[EXERCISE DESCRIPTION]
Write out exactly the lines from the one containing "Multiracial young people" to the end of the material, both ends included, and nothing else. Leave pictures out.

[MATERIAL FOR THIS EXERCISE]
--------------------------------------------------
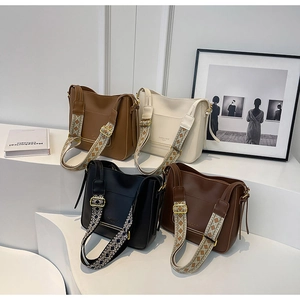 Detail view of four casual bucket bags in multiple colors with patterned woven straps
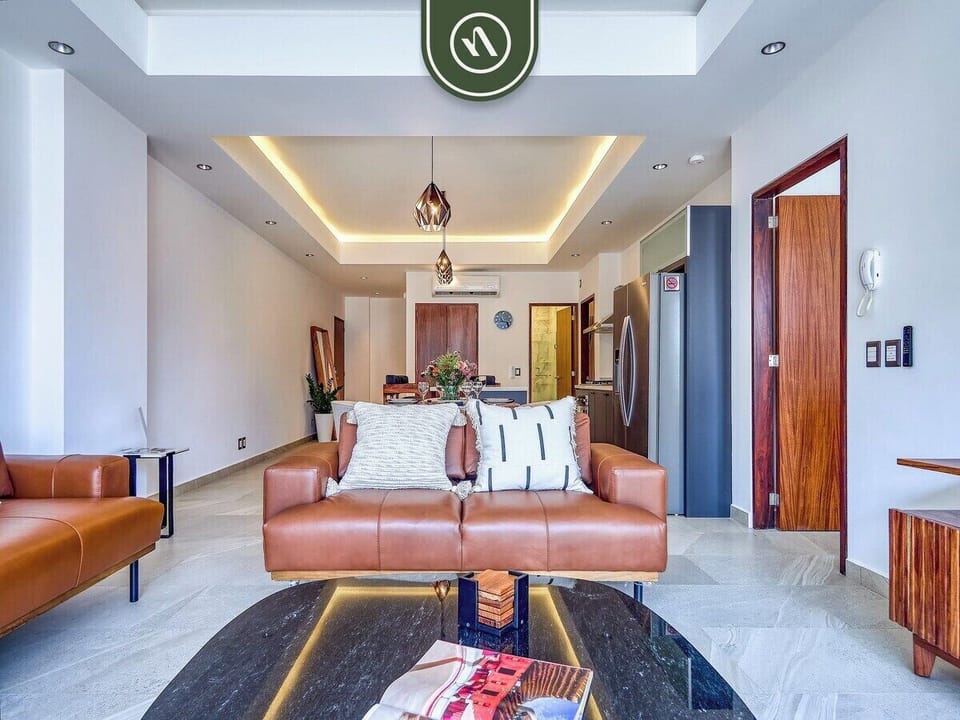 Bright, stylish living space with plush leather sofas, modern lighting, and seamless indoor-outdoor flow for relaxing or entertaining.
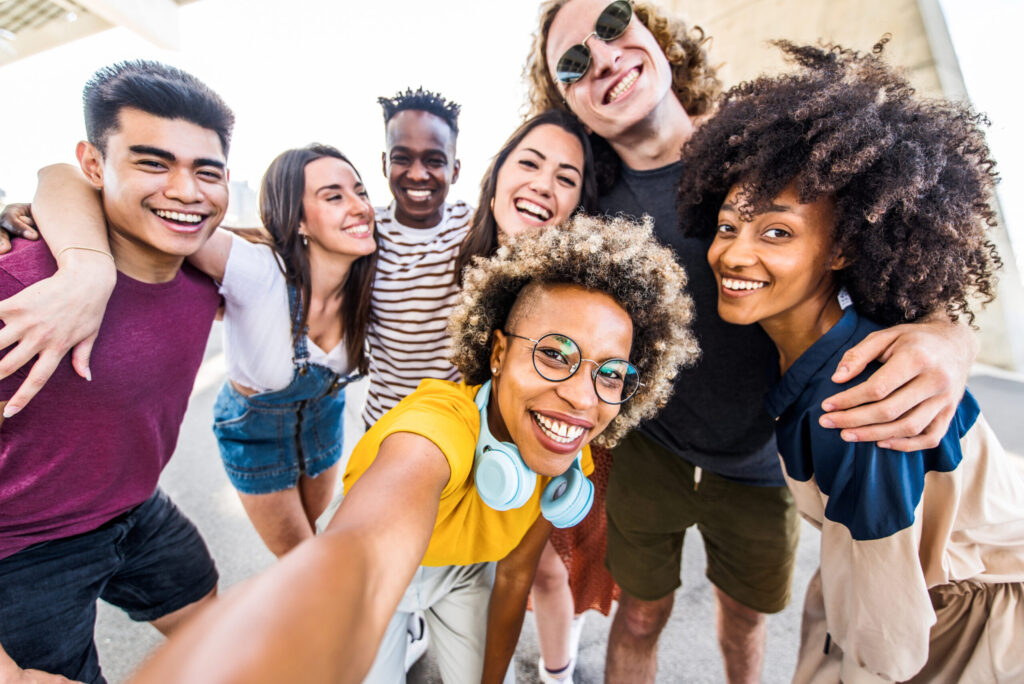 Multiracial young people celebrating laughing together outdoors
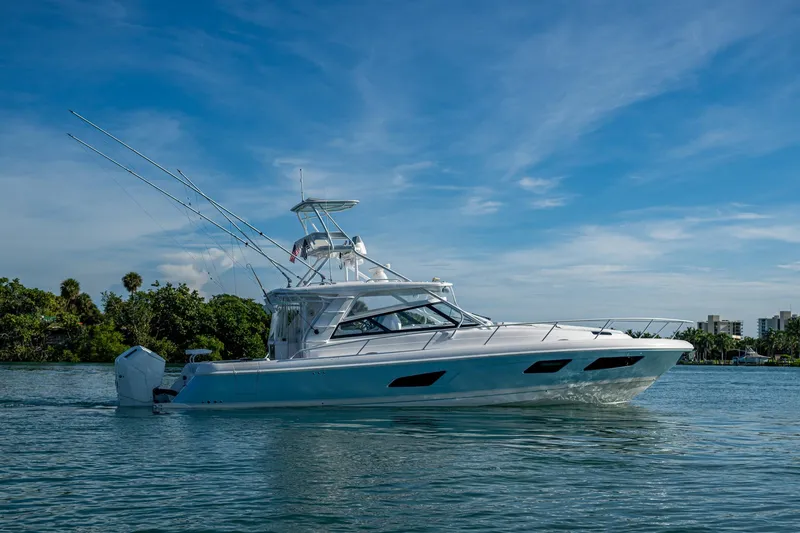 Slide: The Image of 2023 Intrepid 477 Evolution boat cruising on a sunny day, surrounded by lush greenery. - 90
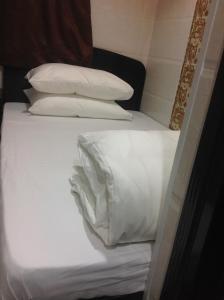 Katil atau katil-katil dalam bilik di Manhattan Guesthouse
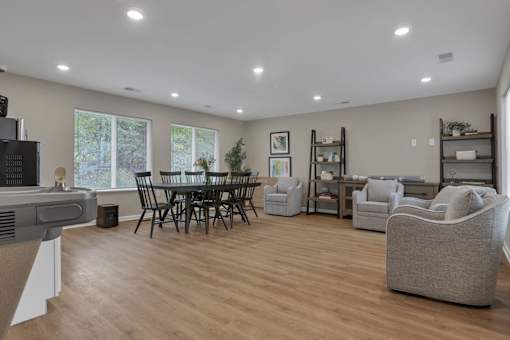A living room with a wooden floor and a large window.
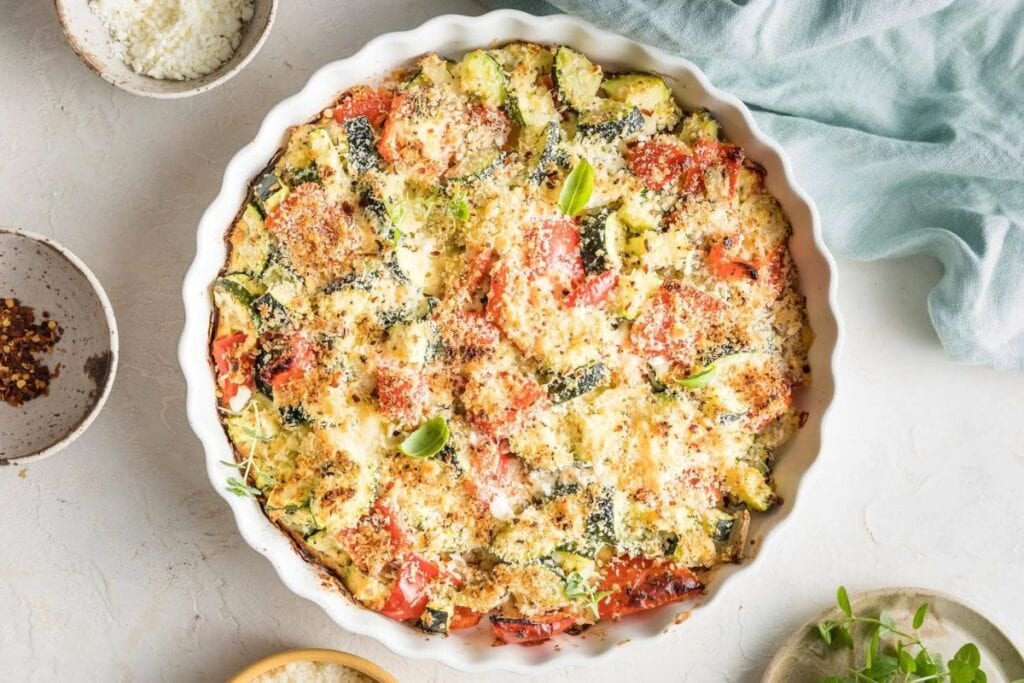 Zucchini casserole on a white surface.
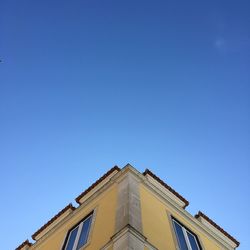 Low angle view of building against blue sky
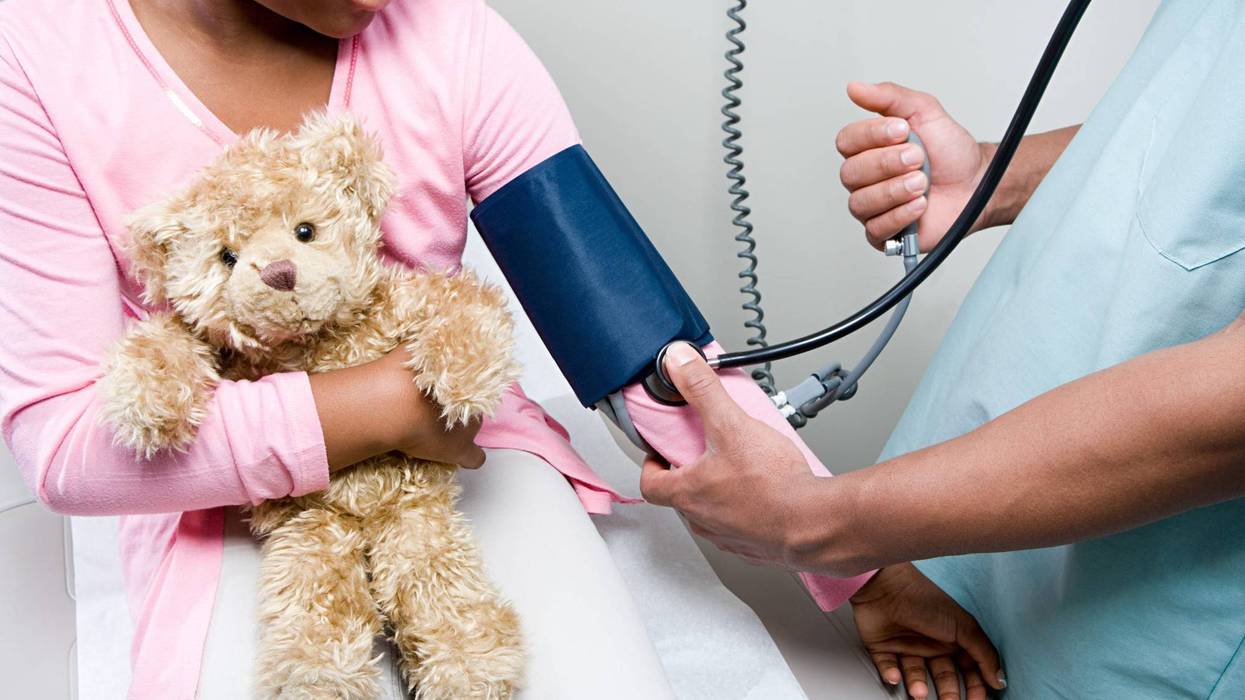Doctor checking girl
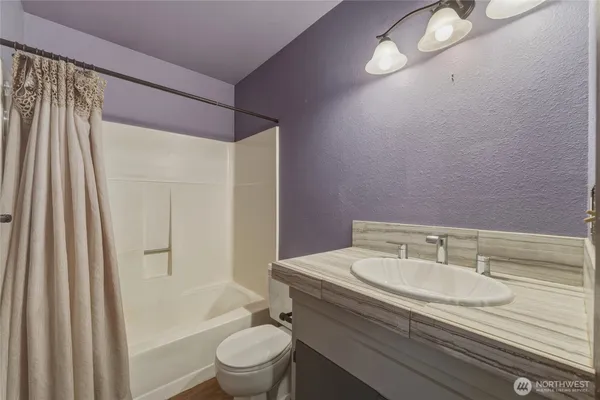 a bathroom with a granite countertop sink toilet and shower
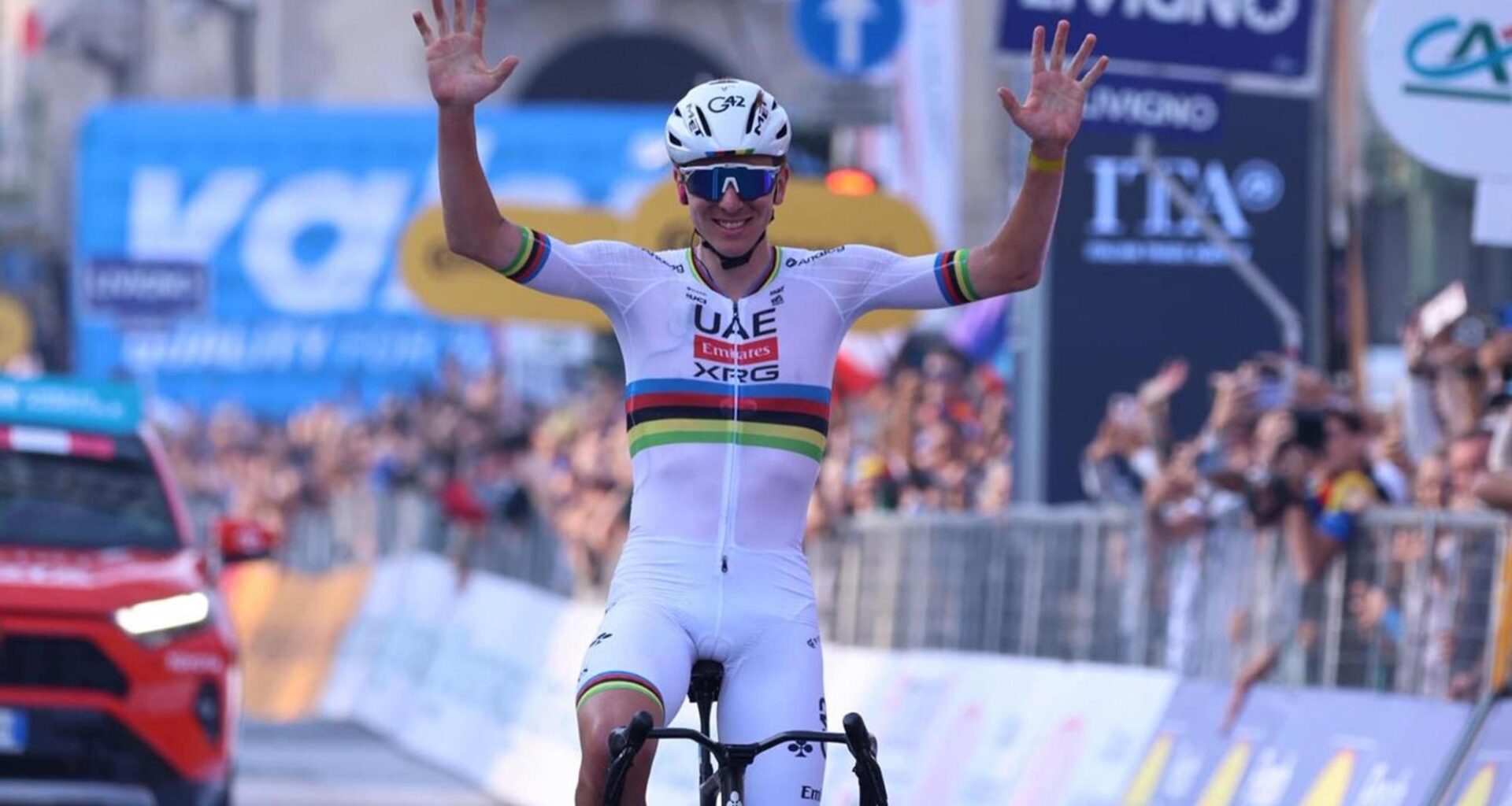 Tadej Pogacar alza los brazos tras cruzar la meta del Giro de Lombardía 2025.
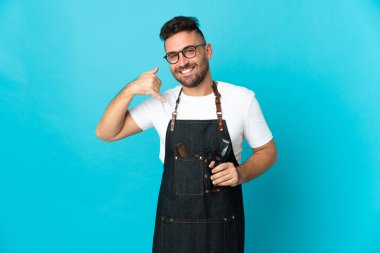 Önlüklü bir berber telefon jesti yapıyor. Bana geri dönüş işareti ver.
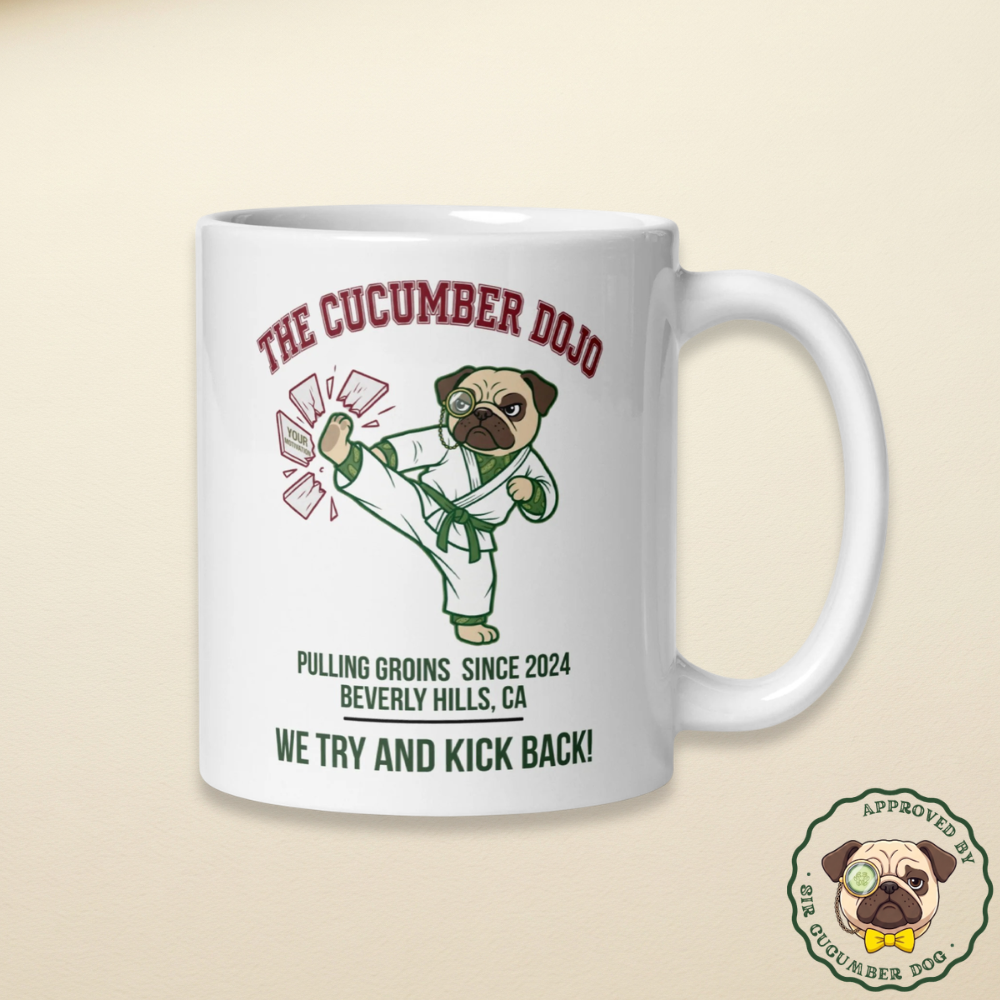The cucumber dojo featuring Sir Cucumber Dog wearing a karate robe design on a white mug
--------------------------------------------------
[RESULT]
 Multiracial young people celebrating laughing together outdoors
 Slide: The Image of 2023 Intrepid 477 Evolution boat cruising on a sunny day, surrounded by lush greenery. - 90
 Katil atau katil-katil dalam bilik di Manhattan Guesthouse
A living room with a wooden floor and a large window.
 Zucchini casserole on a white surface.
 Low angle view of building against blue sky
Doctor checking girl
 a bathroom with a granite countertop sink toilet and shower
 Tadej Pogacar alza los brazos tras cruzar la meta del Giro de Lombardía 2025.
 Önlüklü bir berber telefon jesti yapıyor. Bana geri dönüş işareti ver.
The cucumber dojo featuring Sir Cucumber Dog wearing a karate robe design on a white mug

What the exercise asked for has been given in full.